Despite investigators’ request to track Smith’s cell phone, it took four days for her provider, Verizon, to provide the information. She was found murdered shortly after officials received the tracking information.
If enacted, the Kelsey Smith Act would require cellular companies to disclose device location information in emergency situations in which a law enforcement officer determines an imminent risk of death or physical harm to the user.
“As the parent of two teenage girls, I thought it was common-sense legislation to track down people who may be in trouble,” said Heise, who recently reintroduced the legislation.
Heise first introduced similar legislation in 2013, but the bill never made it out of the House Criminal Justice Committee.
It’s not just kidnapping cases where tracking cell phone locations can come in handy.
“I once had a man come to the station in duress, saying that his wife was going to kill herself,” said Rich Rosati, detective lieutenant with the Grosse Pointe Farms Police Department.
Rosati was able to contact the cellular company, which cooperated in tracking the cell phone, and determined the location of the woman within a half mile. Rosati and the woman’s husband were able to use this information to deduce where she had gone and reached her before she followed through on her threats.
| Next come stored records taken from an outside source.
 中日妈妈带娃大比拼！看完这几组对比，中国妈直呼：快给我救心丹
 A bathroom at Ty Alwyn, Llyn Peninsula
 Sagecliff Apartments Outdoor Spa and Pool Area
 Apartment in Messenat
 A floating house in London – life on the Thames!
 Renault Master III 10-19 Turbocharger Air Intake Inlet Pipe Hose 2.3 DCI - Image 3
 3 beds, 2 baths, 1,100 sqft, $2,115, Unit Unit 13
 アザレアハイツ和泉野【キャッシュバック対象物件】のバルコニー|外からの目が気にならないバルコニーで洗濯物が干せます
While tracking cell phone locations can be an important tactical tool for law enforcement, if used improperly it can also raise privacy concerns.
The American Civil Liberties Union of Michigan, who couldn’t be reached for comment, opposed the legislation introduced in 2013, but according to the House Fiscal Agency, have a neutral position to the current legislation.
“Law enforcement needs to understand what we do can be intrusive, and needs restraint,” Jungel said.
What if an individual in law enforcement were to improperly use the tactic to track the location of an individual for personal matters?
Heise’s bill includes language that would punish improper use of the tactic as a misdemeanor offense, punishable by a $500 fine and up to 93 days in jail.
Punishment would come not only from the state, but also from the officer’s employer.
Sen. Rick Jones, R-Eaton County, who spent over 30 years in law enforcement, said abusing the cell phone tracking would certainly be grounds for termination.
Both Jungel and Rosati agreed.
“You cannot use your authority in a way that could compromise somebody personally,” Rosati said. “The state might only charge you with a misdemeanor, but you’re not going to be a police officer in this department.”